I don’t think the Monotone experience is very relevant here – sqlite was never really an issue as I remember it (people blamed it because people love to blame things on “bloat”, but the reality was that monotone was research code holding production data, so everything was optimized for flexibility and data integrity checking, neither of which are conducive to fast highly-tuned code), and anyway sqlite of 10-15 years ago is a totally different beast from sqlite today.

Yeah, fd limits are an archaism, that folks are trying to untangle – see File Descriptor Limits. Practically speaking they’ll still be an issue for a while, at least in some situations.

Throwing out another idea: consider an intermediate step, of loading the .pyc file into memory as a flat chunk of bytes, but then be lazy about parsing out parts of it into full-fledged useful structures. That might give a substantial memory win in the common case while avoiding all the tricky issues raised by keeping some data in memory and some on disk.

larry · April 15, 2023, 7:52pm

I wouldn’t be at all surprised if I was out of date on SQLite. I’ve only glancingly used it, and not for years now.

If you’re reasonably conversant, let me ask: I remember reading once that SQLite’s on-disk format was
really just the log of all the SQL statements used to create the current state of the database, from the earliest CREATE DATABASE forwards. Was that ever true? Is the current on-disk format an efficient binary format?

And, blue-sky, ignoring for now other salient aspects of the discussion, and really just out of idle curiosity: do you think a SQLite database would be a reasonable solution for .pyc files in this day and age?
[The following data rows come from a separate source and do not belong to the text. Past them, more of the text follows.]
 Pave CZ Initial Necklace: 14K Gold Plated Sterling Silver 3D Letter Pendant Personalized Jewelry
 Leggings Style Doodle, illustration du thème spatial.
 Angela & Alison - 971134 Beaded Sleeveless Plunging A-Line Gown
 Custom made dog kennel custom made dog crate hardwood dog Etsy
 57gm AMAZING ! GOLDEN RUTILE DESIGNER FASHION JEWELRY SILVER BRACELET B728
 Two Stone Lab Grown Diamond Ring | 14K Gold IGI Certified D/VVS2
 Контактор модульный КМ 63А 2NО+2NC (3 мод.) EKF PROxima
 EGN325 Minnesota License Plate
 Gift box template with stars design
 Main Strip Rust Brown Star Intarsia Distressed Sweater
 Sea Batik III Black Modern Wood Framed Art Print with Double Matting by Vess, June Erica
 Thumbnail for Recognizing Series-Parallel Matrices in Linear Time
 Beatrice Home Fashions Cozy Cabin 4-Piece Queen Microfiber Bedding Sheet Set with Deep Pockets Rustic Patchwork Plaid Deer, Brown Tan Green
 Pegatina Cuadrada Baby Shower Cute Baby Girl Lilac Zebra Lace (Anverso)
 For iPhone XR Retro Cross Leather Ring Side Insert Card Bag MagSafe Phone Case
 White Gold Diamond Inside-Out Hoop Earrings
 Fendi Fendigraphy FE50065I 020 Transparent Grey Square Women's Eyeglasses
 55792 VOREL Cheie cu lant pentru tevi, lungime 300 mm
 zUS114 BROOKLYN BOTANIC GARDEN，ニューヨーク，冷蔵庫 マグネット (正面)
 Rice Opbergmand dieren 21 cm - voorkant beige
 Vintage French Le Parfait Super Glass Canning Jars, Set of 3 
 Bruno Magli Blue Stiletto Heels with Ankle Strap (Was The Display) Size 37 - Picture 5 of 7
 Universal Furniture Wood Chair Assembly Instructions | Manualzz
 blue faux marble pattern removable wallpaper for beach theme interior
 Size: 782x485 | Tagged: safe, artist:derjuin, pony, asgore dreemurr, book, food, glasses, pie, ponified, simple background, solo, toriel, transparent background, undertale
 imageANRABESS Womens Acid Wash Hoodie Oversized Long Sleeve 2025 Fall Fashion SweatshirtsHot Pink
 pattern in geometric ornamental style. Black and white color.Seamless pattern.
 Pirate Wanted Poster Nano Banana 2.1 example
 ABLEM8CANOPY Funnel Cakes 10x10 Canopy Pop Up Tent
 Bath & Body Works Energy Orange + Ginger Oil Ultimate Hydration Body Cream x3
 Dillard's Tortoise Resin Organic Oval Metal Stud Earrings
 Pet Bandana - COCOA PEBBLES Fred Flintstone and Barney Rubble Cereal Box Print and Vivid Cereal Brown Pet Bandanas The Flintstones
barry-scott · April 15, 2023, 8:34pm

Would be easy to prototype. Having sqlite defining the format opens up lots of possibilities for adding custom sections.

You could take the contents of a .pyc and put in to a sqlite .db and see what the size and access speed is like.
First with pure python then using sqlite’s C API - that is very nice BTW.

Oh and sqlite has a 20(?) year API stability guarantee .

larry · April 16, 2023, 4:32am

If we made CPython use SQLite for language-visible features, would that force MicroPython to ship SQLite too?

guido · April 16, 2023, 4:47am

What language visible features are you thinking of? The language doesn’t even assume a file system. The stdlib does, but micropython presumably doesn’t require one (it doesn’t support much of the stdlib).

larry · April 16, 2023, 5:33am

One blue-sky proposal is that lazily-loaded module attributes could use a SQLite database as its on-disk storage format. The proposal didn’t make it clear whether the feature would require, or expose, advanced features of SQLite; if it did, this would explicitly require other implementations to also depend on SQLite, which I suspect would be a hardship for MicroPython.